EXERCISE DESCRIPTION:
Drop the pictures and restate the rest of the listing word for word.

GIVEN INFORMATION:
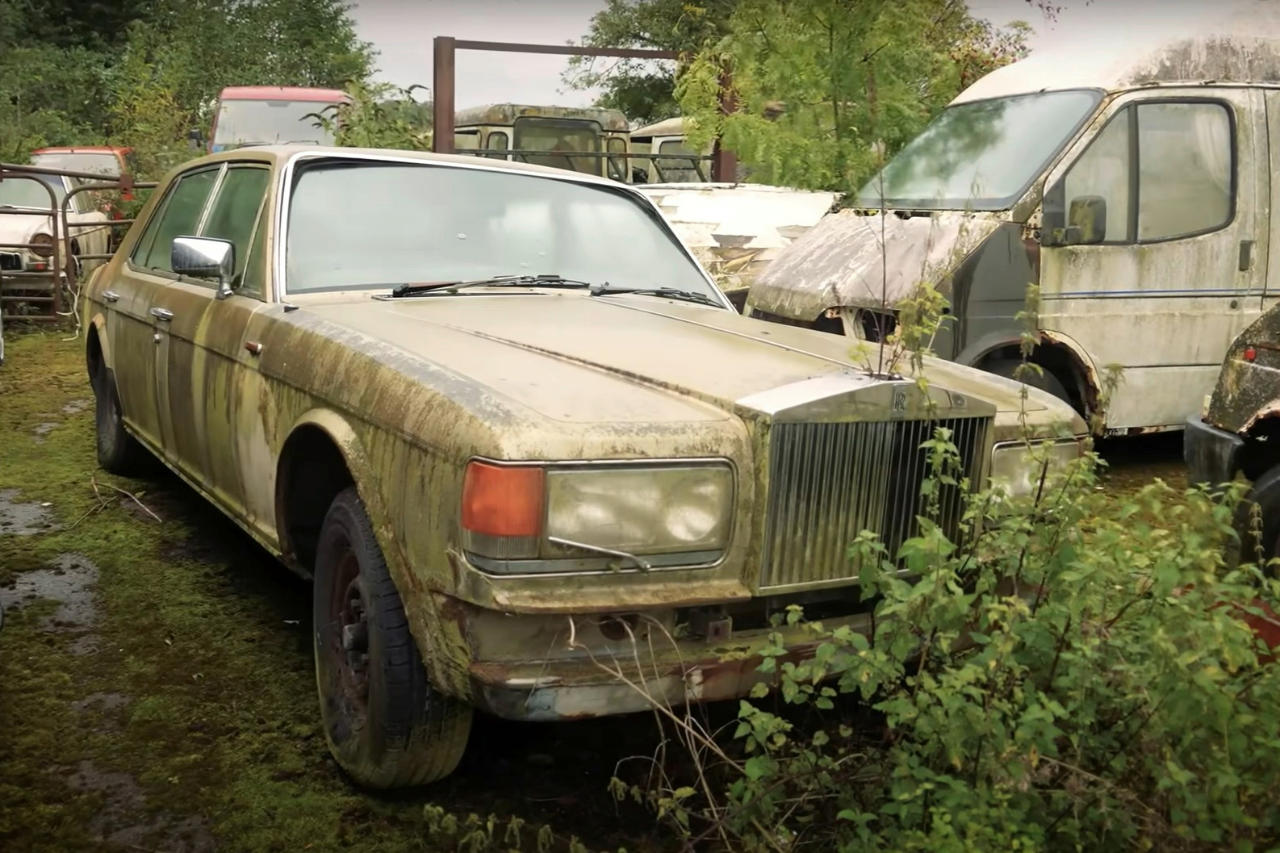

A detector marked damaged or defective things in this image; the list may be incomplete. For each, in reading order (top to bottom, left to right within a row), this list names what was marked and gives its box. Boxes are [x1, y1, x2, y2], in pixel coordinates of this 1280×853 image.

rusted metal frame [432, 37, 740, 177]
rusted metal frame [0, 170, 63, 320]
broken wiper blade [390, 276, 596, 300]
broken wiper blade [592, 284, 720, 308]
rusted door panel [1048, 90, 1264, 430]
corroded chrome grille [760, 414, 992, 588]
rusted wheel rim [330, 544, 370, 724]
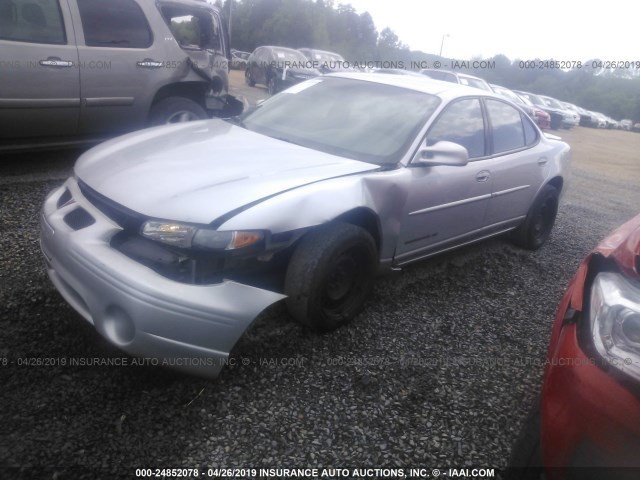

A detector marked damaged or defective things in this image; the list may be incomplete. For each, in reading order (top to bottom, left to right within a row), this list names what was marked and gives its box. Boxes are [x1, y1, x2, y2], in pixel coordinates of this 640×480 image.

damaged front bumper [42, 178, 284, 376]
exposed headlight assembly [142, 221, 264, 251]
exposed headlight assembly [592, 272, 640, 380]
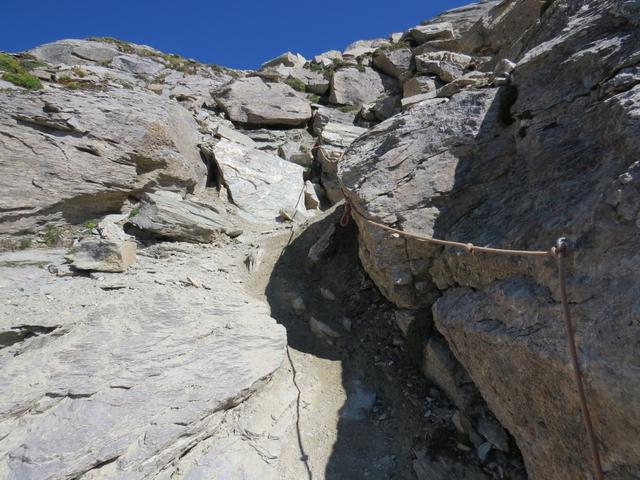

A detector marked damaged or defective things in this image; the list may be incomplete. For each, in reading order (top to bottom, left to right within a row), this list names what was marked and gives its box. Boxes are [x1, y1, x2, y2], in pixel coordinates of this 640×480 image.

rusty metal cable [320, 146, 604, 480]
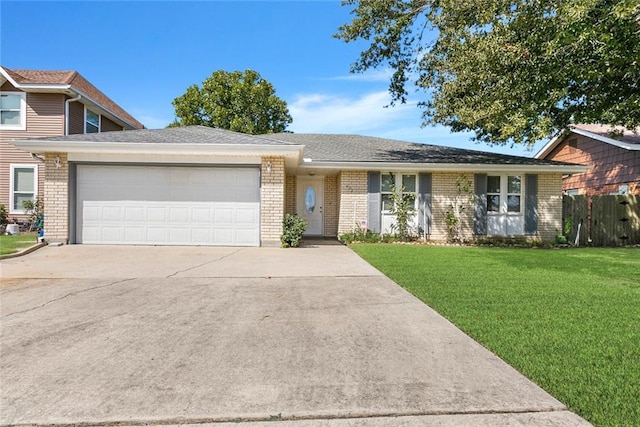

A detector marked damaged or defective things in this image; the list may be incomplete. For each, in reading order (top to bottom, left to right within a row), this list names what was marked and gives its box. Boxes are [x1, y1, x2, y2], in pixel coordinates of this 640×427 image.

driveway crack [165, 249, 242, 280]
driveway crack [2, 280, 136, 320]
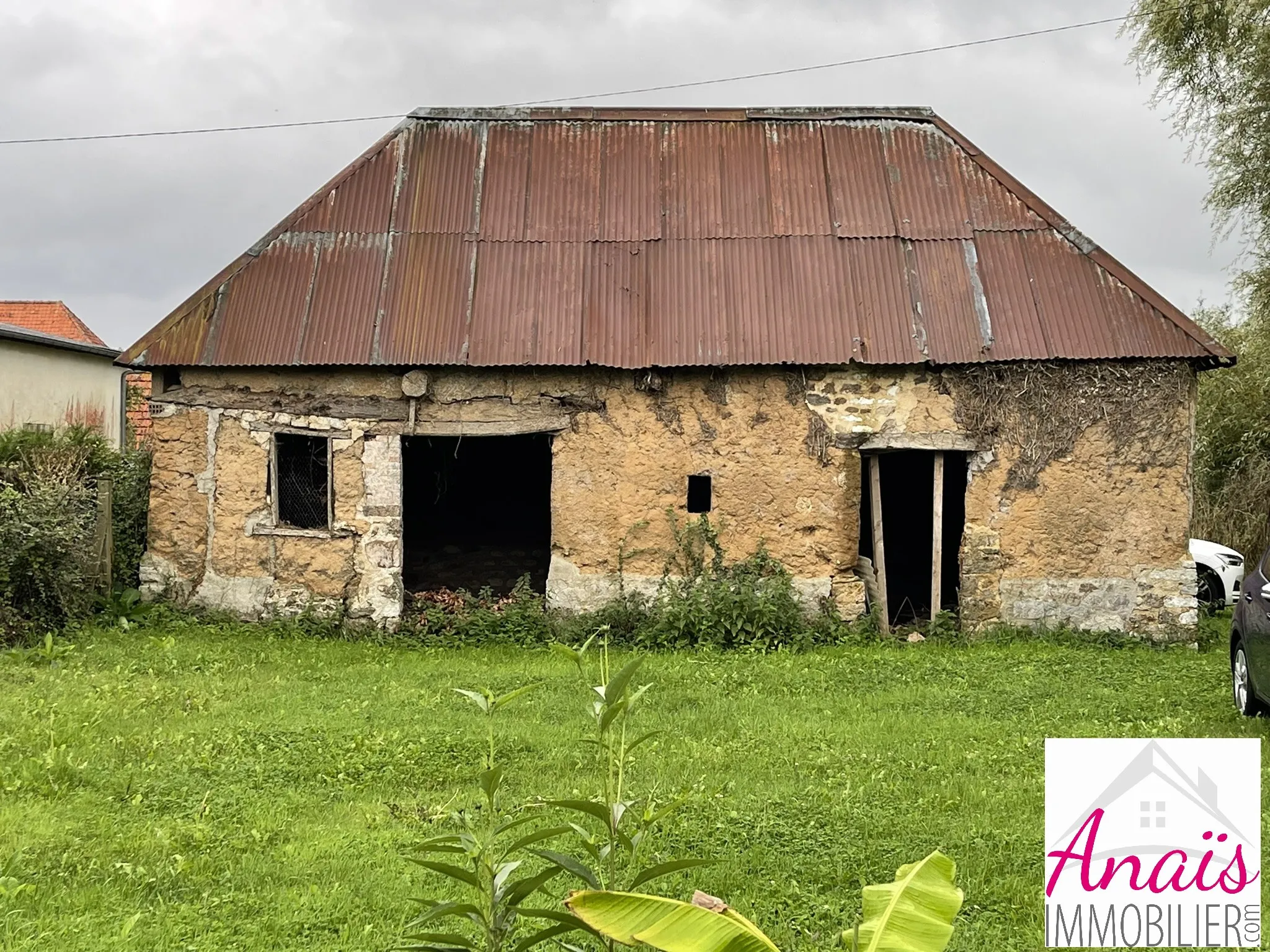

ANSWER TO THIS EXERCISE:
A detector marked damaged or defective things in this image; the list may be incomplete. For each, in reading order (top to bottom, left to right within a row), this list names what was marked and gives its box. Boxes are [x1, y1, x2, y2], in pixel coordinates of this 1280×853 image.

rusted metal frame [432, 37, 740, 177]
rusted metal frame [0, 170, 63, 320]
broken wiper blade [390, 276, 596, 300]
broken wiper blade [592, 284, 720, 308]
rusted door panel [1048, 90, 1264, 430]
corroded chrome grille [760, 414, 992, 588]
rusted wheel rim [330, 544, 370, 724]

A detector marked damaged or defective things in this image; the list may be incomplete. For each, in reading order (top to bottom, left to right within a row), this list names what was marked and gives its box. Boxes are [x1, y1, x2, y2], in pixel coordinates of this 640×480 image.

damaged front bumper [42, 178, 284, 376]
exposed headlight assembly [142, 221, 264, 251]
exposed headlight assembly [592, 272, 640, 380]

A detector marked damaged or defective things in this image; the list may be incomplete. For each, in reading order (top to bottom, left to right within a row), this list names what was marked and gives its box. Boxes are [x1, y1, x2, y2], in pixel coordinates of this 640×480 image.

rusty metal cable [320, 146, 604, 480]

A detector marked damaged or defective things in this image; the list may be incomplete. For each, in reading order (top to bottom, left to right within a row), this list names what was marked and gives its box. Boxes are [x1, y1, x2, y2], in pixel coordinates of this 640×427 image.

driveway crack [165, 249, 242, 280]
driveway crack [2, 280, 136, 320]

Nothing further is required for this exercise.